An exotic beetle that destroys ash trees could spread from the Great Lakes states across the east-central United States within the next two decades, federal agriculture officials said Tuesday.
The emerald ash borer already has infested trees in more than 1,200 cities and townships in Michigan, Indiana, Illinois and Ohio, said Philip Bell, the U.S. Department of Agriculture’s Animal and Plant Health Inspection Service regional manager for the beetle.
If no action is taken to stop it, the beetle could infest more than 12,000 municipalities from Minnesota to North Carolina by 2027, he told the state Senate environmental and Assembly forestry committees during a joint hearing.
The UDSA hopes to contain the beetle in the Great Lake states and eventually wipe it out, Bell said. Wisconsin remains beetle-free but has been testing for the creature and preparing responses, making the state a great place to make a stand, Bell said.
State Rep. Frank Boyle, D-Superior, a forestry committee member, said it’s inevitable the borer will invade Wisconsin. He wondered whether loggers and landowners should start cutting down their ash trees now and sell them while they’re still worth something.
The emerald ash borer is a tiny, metallic green beetle that feeds on the layer of wood just beneath the bark of the ash tree, cutting off water and nutrients and killing the tree.
The bug, native to Asia, was first discovered in the Detroit area in 2002. Authorities say it probably arrived in wood packing crates.

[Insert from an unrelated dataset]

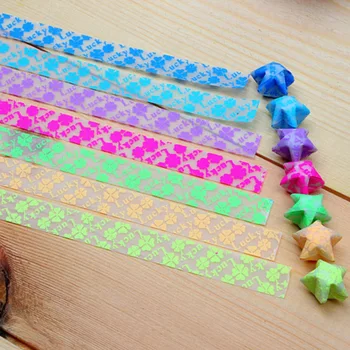 (210 stykker/masse) MIX farve lucky star udskrivning gennemskinnelige håndlavet origami papir strimler noctilucous effekt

The beetle could destroy the 717 million ash trees in Wisconsin’s rural forests and 5.4 million ash trees along streets, resulting in a loss of up to $4 billion, said Jane Cummings Carlson, the state Department of Natural Resources’ forest health protection coordinator.
Walker and Cummings Carlson outlined several additional facets in the state’s plan to combat the beetle, including:
* Warning people who live in Minneapolis and Chicago and own cabins in Wisconsin not to bring in firewood from out-of-state.
* Encouraging landowners to think about thinning their ash trees when pruning.
* Monitoring research on the beetle and looking for any ash species that might prove resistant to the beetle.
* Using pesticides.
* Preserving ash tree seeds for replanting if the beetle wipes out large numbers of trees.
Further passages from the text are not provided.